Kittinger, Jo. S. Rosa’s Bus: The Ride to Civil Rights. Illus. by Steven Walker. Calkins Creek, 2010. Ages 6-9.

Many children’s books relate the story of Rosa Parks and her refusal to vacate her seat for a white man. This picture book, however, zooms in on the actual bus — #2867, which began its journey in 1948 on the assembly line in Michigan and ended up getting restored and displayed in the Henry Ford Museum in 2003. Kittinger keeps the story rolling along, undeterred by superfluous details. Walker’s colorful oil paintings, especially those of the bus, add to the kid appeal. After Rosa’s arrest, the Rev. Martin Luther King, Jr. led the bus boycott, which “went on and on. No dimes jingle-jangled in the coin box. Day after day, week after week, month after month, Bus #2357 rode down the street with plenty of empty seats.” After 382 days, the boycott ended with the Supreme Court ruling that outlawed race-based discrimination. Use this book and the author’s suggested activities to enhance children’s understanding of the Civil Rights Movement and their appreciation of the perseverance of those who participated. The bibliography provides noteworthy sources for those who want more details.

Shelton, Paula Young. Child of the Civil Rights Movement. Illus. by Raul Colon. Schwartz & Wade, 2009. Ages 5-9.

This first-time author is a daughter of Civil Rights leader Andrew Young and a first-grade teacher, experiences that enrich her engaging, child-friendly true story. Using simple, rhythmic language, she describes how her family moves from New York to Atlanta to work for the end of “Jim Crow, / where whites could / but blacks could not”). Famous leaders in the movement, including Martin Luther King, Jr., are not cast as distant gods but as folks who ate and laughed and prayed together. Colón’s soft-colored pencil-and-wash illustrations evoke the affection shared among the activists. Children will laugh upon learning of Shelton’s first protest: She sat on the floor and wailed when a Holiday Inn restaurant in Atlanta refused to serve her family.  One aspect that particularly recommends this book to children is its hopeful, positive tone, with its emphasis on community and respect. The story’s triumphant end shows Paula and her family joining the world-changing march from Selma to Montgomery. A brief bibliography and biographical notes provide additional information.
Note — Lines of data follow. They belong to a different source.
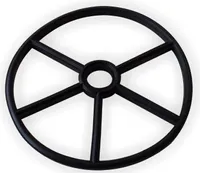 Sterndichtung Praher 6-Wege Dichtung Ø 13 cm Ventil 1 1/2'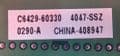 HP C6429-60330 A-4009-32 Deskjet 930C Inkjet Printer Main Logic PC Board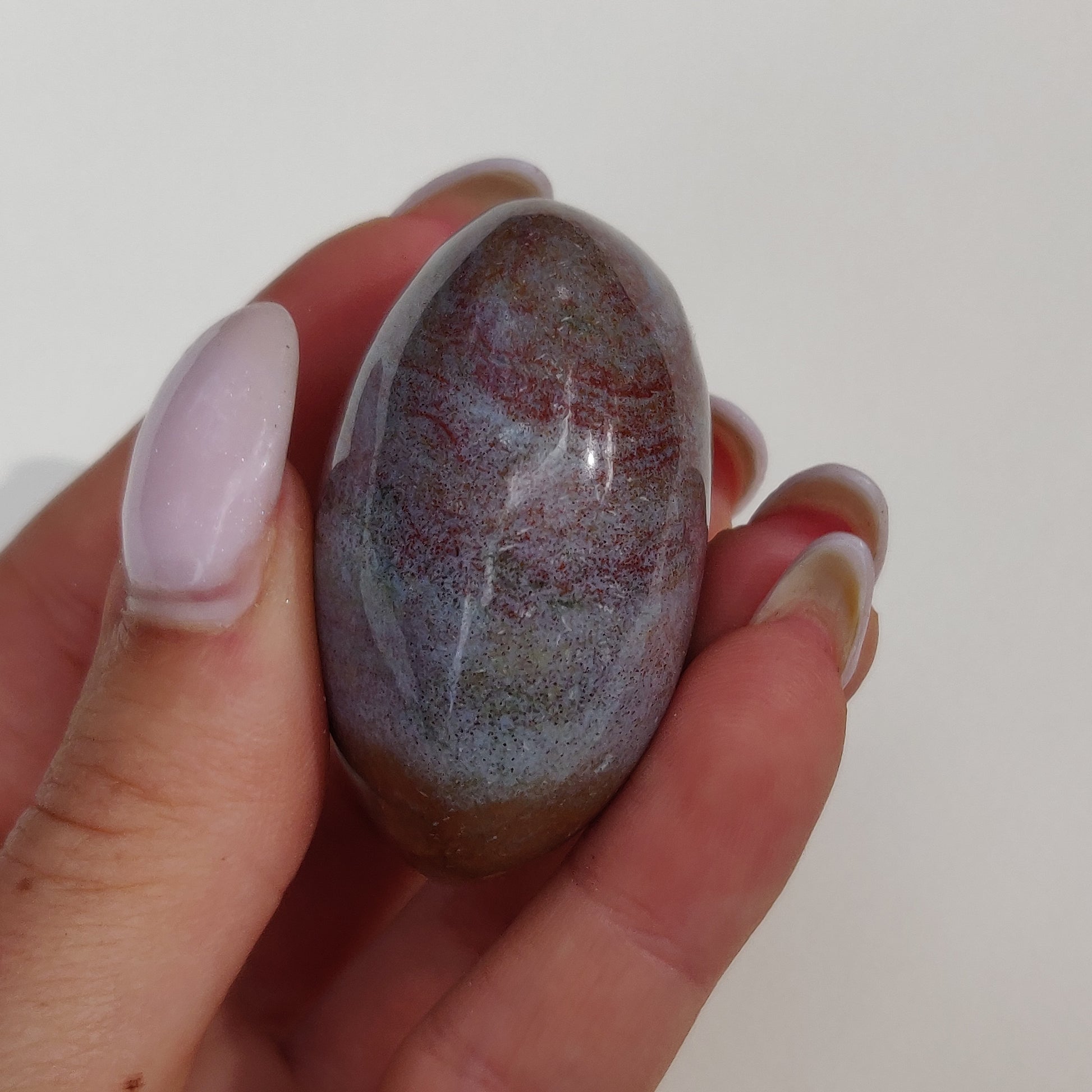 Rainbow Spirit Jasper Palm Stone (#3) - Simply Affinity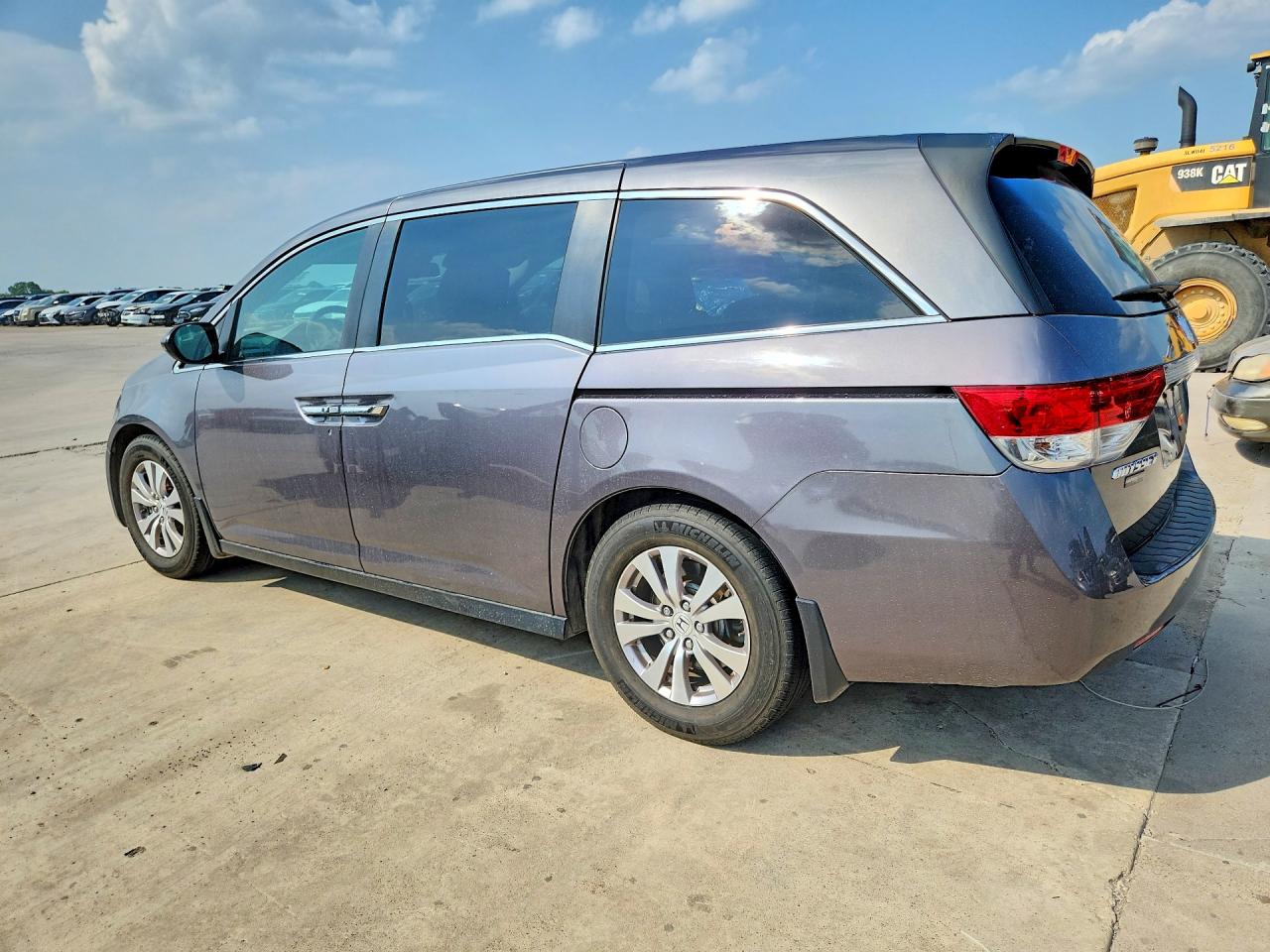 2014 Honda Odyssey Exl Charcoal vin: 5FNRL5H62EB020991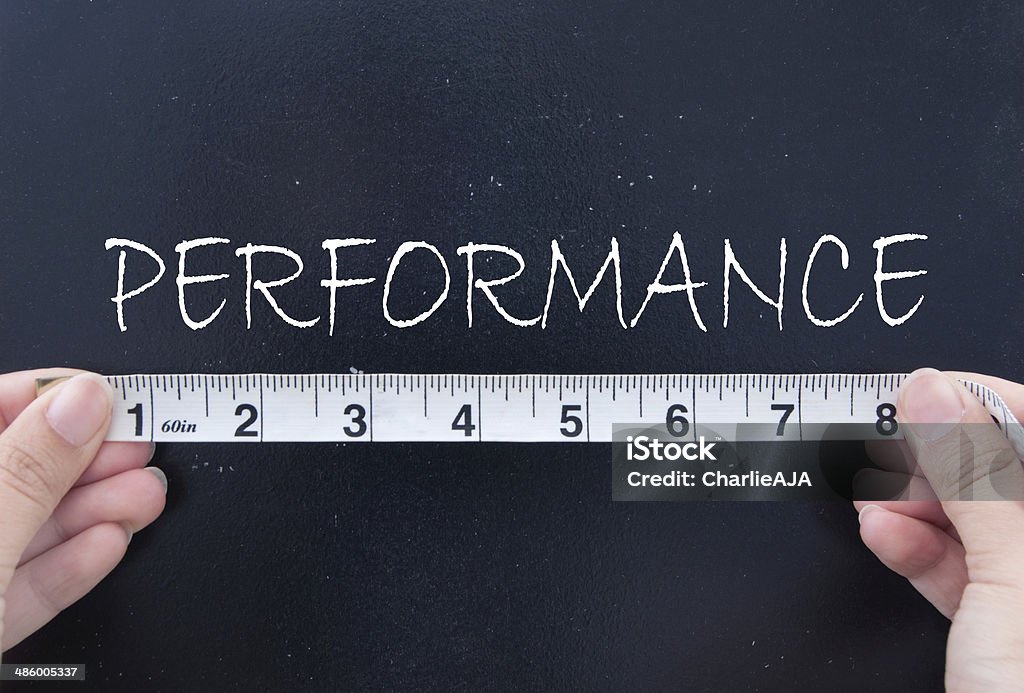 Medir o desempenho - Foto de stock de Performance royalty-free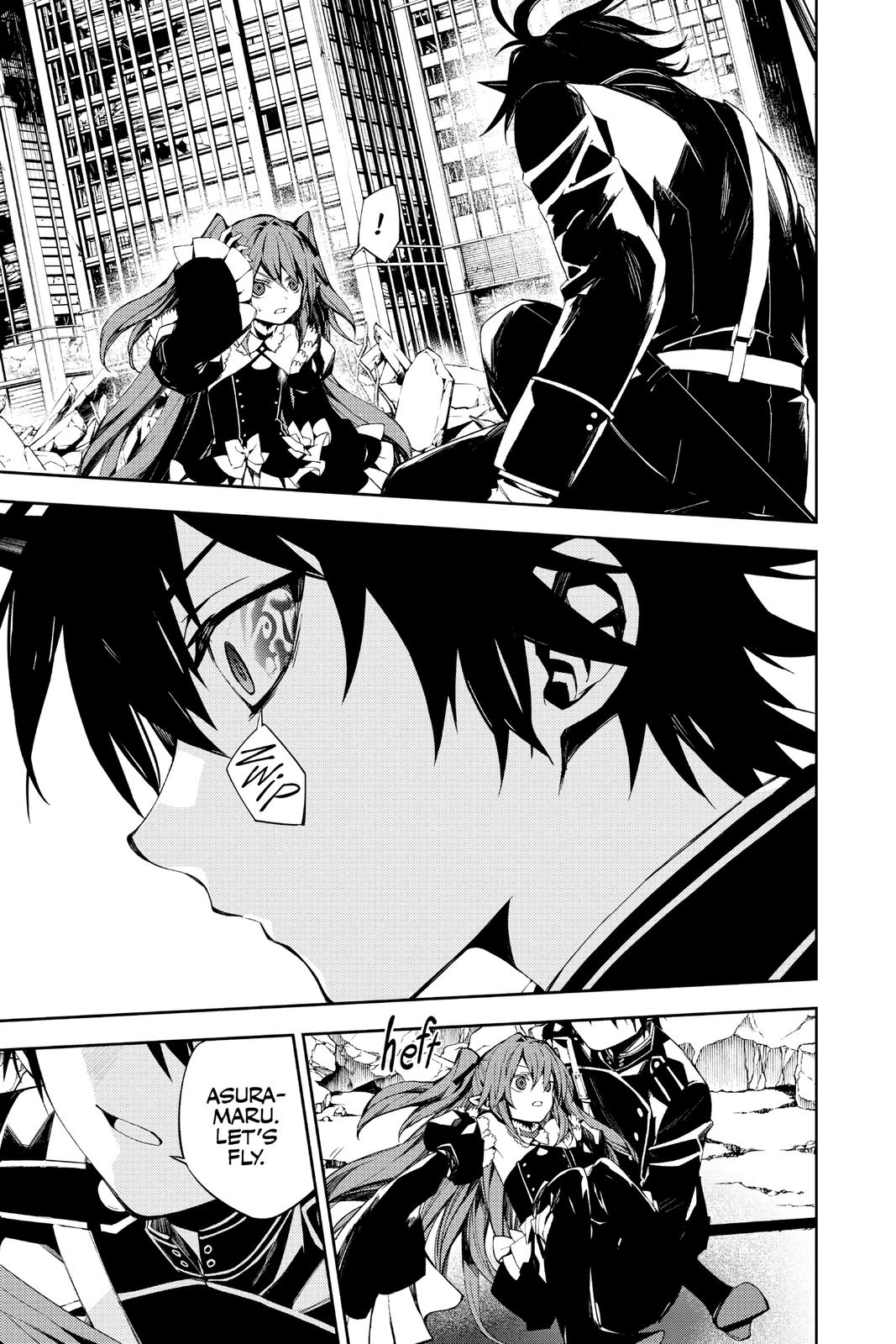 Read Seraph of the End Vampire Reign EN Manga Online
Other Recommended Titles for Martin Luther King, Jr. Day. Leave a comment to share your favorite children’s book related to MLK!

Michelson, Richard.  As Good as Anybody:Martin Luther King and Abraham Joshua Heschel’s Amazing March Toward Freedom. Illus. by Raul Colón. Knopf, 2008. Ages 6-10. Michelson provides an interesting perspective in this 2009 Sydney Taylor Book Award winner. He focuses on two peaceful heroes: Dr. Martin Luther King, Jr. and an ally, Rabbi Abraham Joshua Heschel. Michelson invites readers to consider the parallels between the two leaders and their experiences. Both experienced hostility and prejudice in their homeland. Both overcame it with love, faith, and wisdom. Colón’s illustrations illuminate both the individual experiences (King’s story features an earthy palette, Heschel’s a blue one) and the similarities, as when he depicts the hateful signs that say “Whites Only” and then the ones proclaiming “No Jews Allowed.” In the final pages, the colors blend together, showcasing the diverse people who joined the march from Selma to Montgomery in 1965.

Rappaport, Doreen. Martin’s Big Words. Jump at the Sun, 2001. Illus. by Bryan Collier. Ages 5-10. Rappaport weaves her own well-chosen words with those of King’s, resulting in a concise, poetic, and respectful picture-book biography of King. Teaming up with Collier was an inspired touch, as his amazing painted collages lend this book so much power and beauty. Martin’s Big Words won both the Coretta Scott King Honor and the Caldecott Honor for its stellar illustrations.